___ SUPPLIED MATERIAL
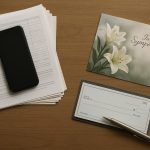 Paperwork, phone, and household items representing tasks after experiencing a personal loss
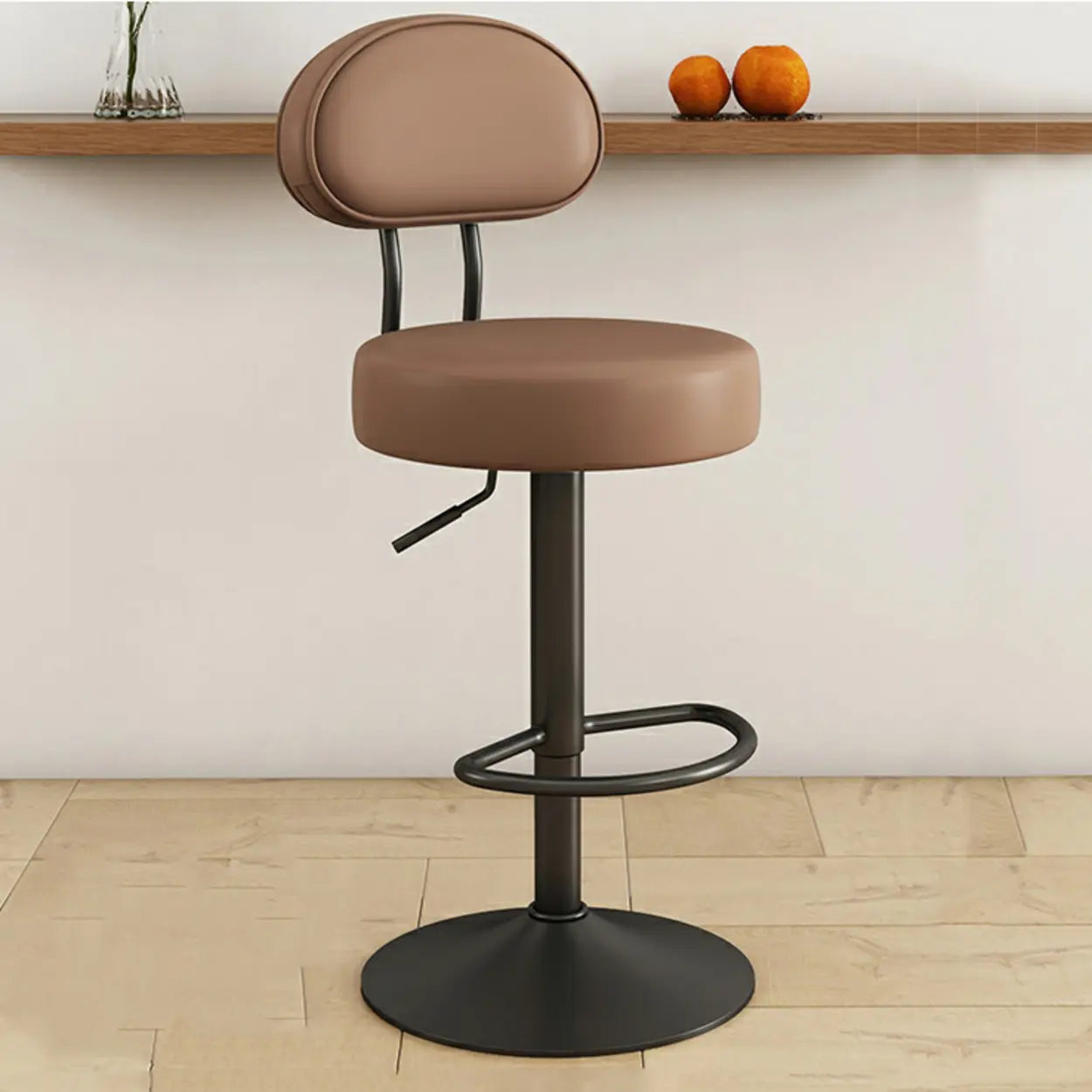 Adjustable Round Leather Swivel Bar Stool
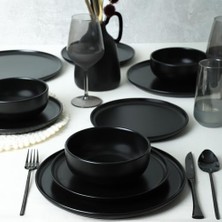 Daisy Home Keramika Nordic Mat Siyah Yemek Takımı 18 Parça 6 Kişilik 956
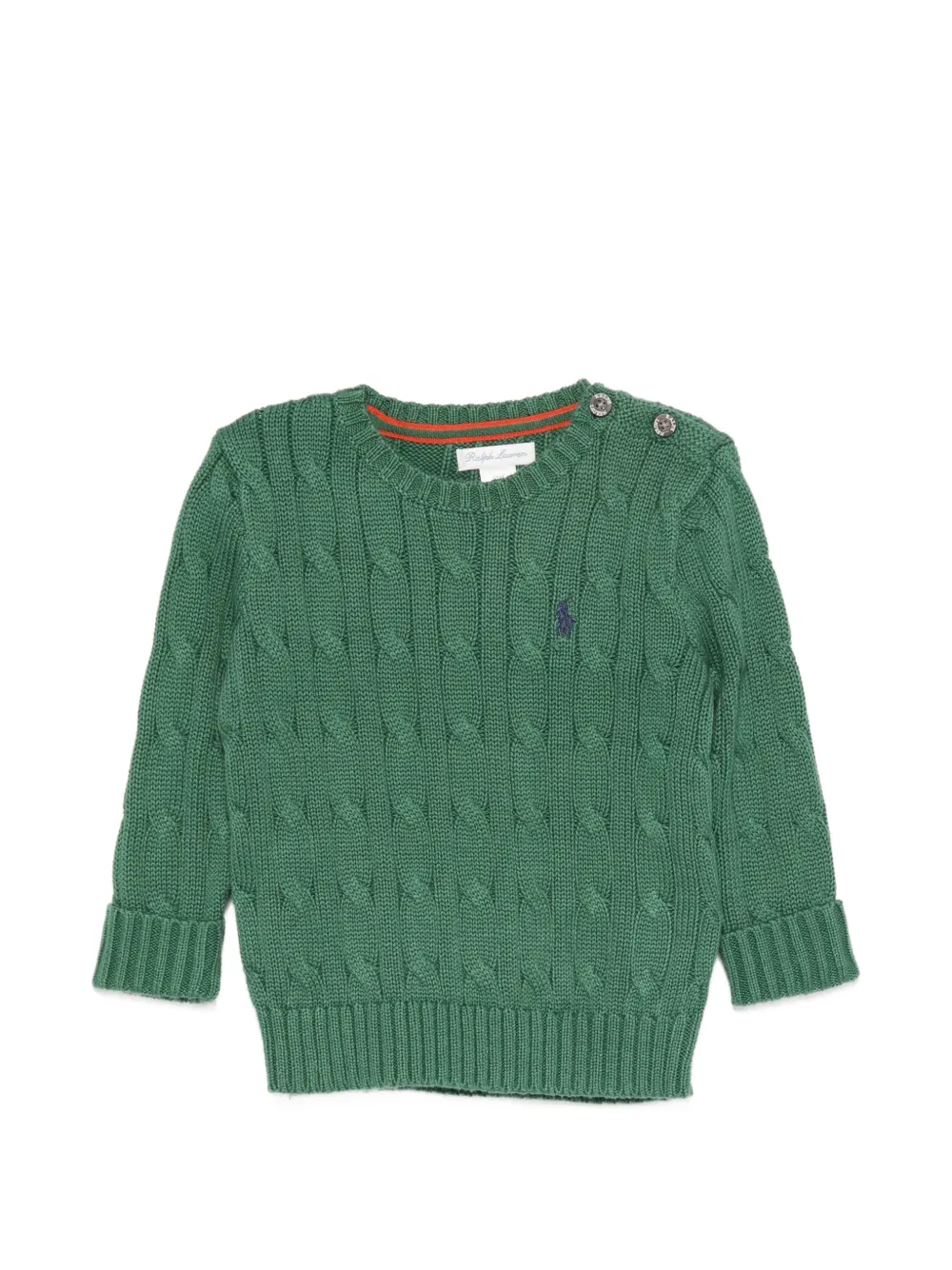 POLO RALPH LAUREN KIDS cable-knit button-detail sweater - Verde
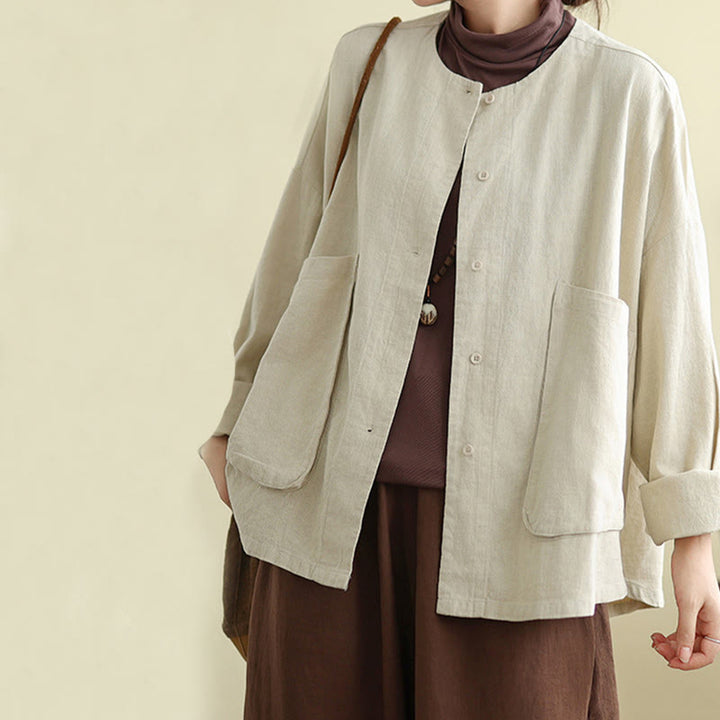 Buddha Stones Plain Design Long Sleeve Women's Cotton Linen Jacket With Pockets - image 5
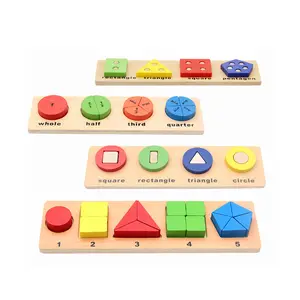 YF-X3060 colorato FAI DA TE educativi per bambini portatile di legno 3D geometria di puzzle cognitivo forma geometrica di puzzle - Product Image 1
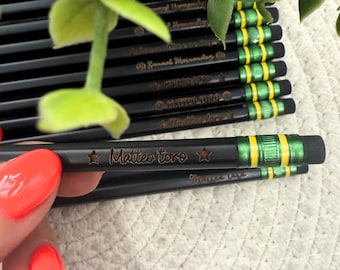Custom Black Ticonderoga Pencils, Personalized Engraved Pencils, Ticonderoga Yellow Pencils, Back To School Pencils, Custom Holo Pencils.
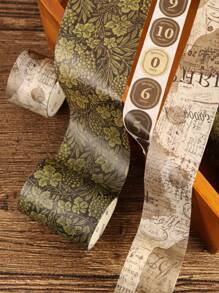 多尺寸和紙張綠葉阿拉伯語和英語數位墨水畫塗鴉日記裝飾復古膠帶套裝 - 彩色 - 查看 7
______
Set out every record exactly, images excluded.

#### SOLUTION:
 Paperwork, phone, and household items representing tasks after experiencing a personal loss
 Adjustable Round Leather Swivel Bar Stool
 Daisy Home Keramika Nordic Mat Siyah Yemek Takımı 18 Parça 6 Kişilik 956
 POLO RALPH LAUREN KIDS cable-knit button-detail sweater - Verde
 Buddha Stones Plain Design Long Sleeve Women's Cotton Linen Jacket With Pockets - image 5
 YF-X3060 colorato FAI DA TE educativi per bambini portatile di legno 3D geometria di puzzle cognitivo forma geometrica di puzzle - Product Image 1
Custom Black Ticonderoga Pencils, Personalized Engraved Pencils, Ticonderoga Yellow Pencils, Back To School Pencils, Custom Holo Pencils.
 多尺寸和紙張綠葉阿拉伯語和英語數位墨水畫塗鴉日記裝飾復古膠帶套裝 - 彩色 - 查看 7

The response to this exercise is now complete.